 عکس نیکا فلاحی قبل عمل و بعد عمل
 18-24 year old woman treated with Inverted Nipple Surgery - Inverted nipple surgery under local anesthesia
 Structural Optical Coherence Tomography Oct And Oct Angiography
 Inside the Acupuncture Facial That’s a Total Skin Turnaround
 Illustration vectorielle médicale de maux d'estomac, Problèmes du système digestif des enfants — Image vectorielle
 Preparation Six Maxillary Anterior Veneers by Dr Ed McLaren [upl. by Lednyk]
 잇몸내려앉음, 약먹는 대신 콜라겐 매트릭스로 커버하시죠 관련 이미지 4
* * *
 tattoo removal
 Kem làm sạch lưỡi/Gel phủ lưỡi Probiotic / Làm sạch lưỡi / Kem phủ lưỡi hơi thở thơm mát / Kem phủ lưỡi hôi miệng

## To do
Repeat exactly the lines of the listing above, from the one with "Inside the Acupuncture" down to the one with "잇몸내려앉음, 약먹는 대신 콜라겐 매트릭스로 커버하시죠 관련 이미지 4"; both of those lines belong in the range.

## Solved exercise
 Inside the Acupuncture Facial That’s a Total Skin Turnaround
 Illustration vectorielle médicale de maux d'estomac, Problèmes du système digestif des enfants — Image vectorielle
 Preparation Six Maxillary Anterior Veneers by Dr Ed McLaren [upl. by Lednyk]
 잇몸내려앉음, 약먹는 대신 콜라겐 매트릭스로 커버하시죠 관련 이미지 4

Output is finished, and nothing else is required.